| Excerpted data |
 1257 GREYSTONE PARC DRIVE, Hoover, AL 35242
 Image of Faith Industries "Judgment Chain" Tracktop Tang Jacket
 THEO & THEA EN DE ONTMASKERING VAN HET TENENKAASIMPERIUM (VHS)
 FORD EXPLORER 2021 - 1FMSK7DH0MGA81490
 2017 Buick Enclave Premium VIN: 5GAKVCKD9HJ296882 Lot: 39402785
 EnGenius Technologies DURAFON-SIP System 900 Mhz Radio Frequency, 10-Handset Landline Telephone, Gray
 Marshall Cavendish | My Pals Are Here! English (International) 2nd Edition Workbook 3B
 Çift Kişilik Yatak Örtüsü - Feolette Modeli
---
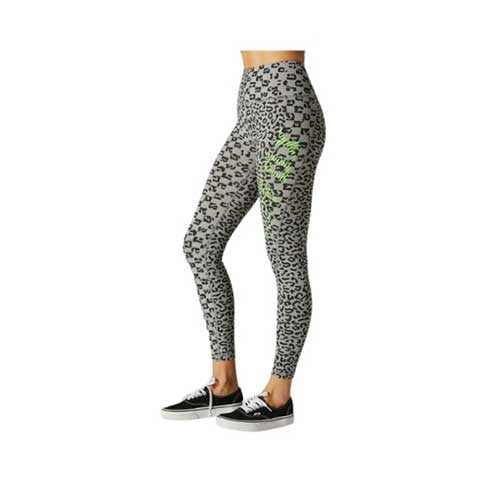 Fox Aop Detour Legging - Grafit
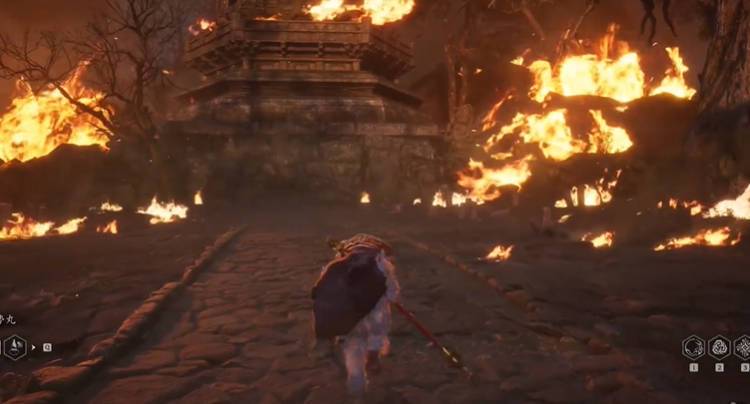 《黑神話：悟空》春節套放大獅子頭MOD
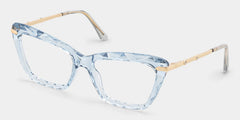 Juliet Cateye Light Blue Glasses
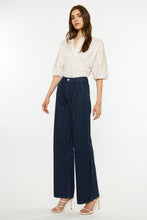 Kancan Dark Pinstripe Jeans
--
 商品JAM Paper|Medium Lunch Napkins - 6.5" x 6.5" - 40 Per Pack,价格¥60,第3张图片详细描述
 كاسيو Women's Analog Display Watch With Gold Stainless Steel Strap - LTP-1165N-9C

| What you need to do |
Only the lines above from the line with "2017 Buick Enclave" to the line with "Çift Kişilik Yatak Örtüsü - Feolette Modeli", those two lines included, should be reproduced exactly.

| Exercise answer |
 2017 Buick Enclave Premium VIN: 5GAKVCKD9HJ296882 Lot: 39402785
 EnGenius Technologies DURAFON-SIP System 900 Mhz Radio Frequency, 10-Handset Landline Telephone, Gray
 Marshall Cavendish | My Pals Are Here! English (International) 2nd Edition Workbook 3B
 Çift Kişilik Yatak Örtüsü - Feolette Modeli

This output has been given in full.